Glaciers form slowly over centuries. As snow falls, gases, chemicals, and other particles in the air cling to the drifting flakes. The snow piles up on glaciers, where the airborne materials become trapped within frozen layers of ice. These layers build up year after year. Scientists can examine these layers within an ice core sample to look back at past seasons’ snowfall amounts, as well as climate conditions (see Natural Record Keepers).
Climate data recorded by people goes back only 150 years. That’s why ice cores, which are essentially archives of the past, are so important to preserve, sample, and study, says Markle. The deepest layers of a core represent its oldest ice, which can date back hundreds, thousands, or even millions of years. The longest continuous ice core record—without missing time periods—spans 850,000 years. The oldest ice samples date back about 5 million years!

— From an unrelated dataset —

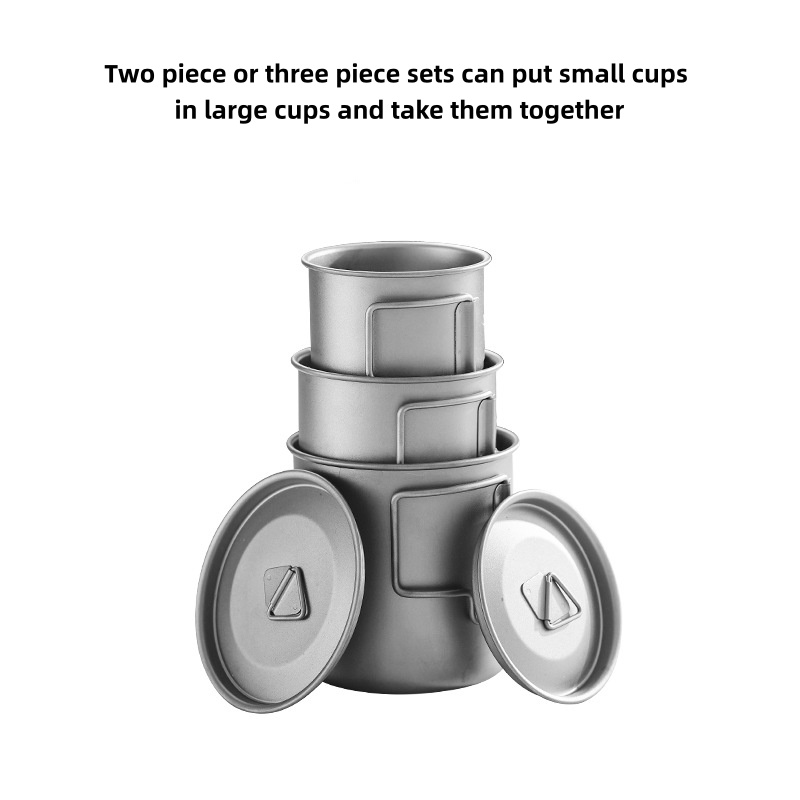 Taza de camping de titanio con - Camping Cooking Mesh reseña y precio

Once an ice core is drilled, it’s shipped in temperature-controlled boxes to a laboratory like the National Science Foundation’s Ice Core Facility (NSF-ICF) in Colorado—the largest ice core archive in the world. As soon as new samples arrive, scientists analyze their chemical composition and age. Each core is cut into 1-meter (3.3-foot) pieces and stored inside cylindrical cardboard containers labeled with information about the core’s location and depth from which it came. Then the core goes into a -40oC (-40oF) freezer.
Why save all that ice? “We want to have an archive of ice cores so that after all the initial research is published, we can go back and do more analysis if needed,” says Richard Nunn, the assistant curator and database manager of the NSF-ICF facility. “But, also, as technology advances, we might want to revisit a core to reanalyze it with new techniques.”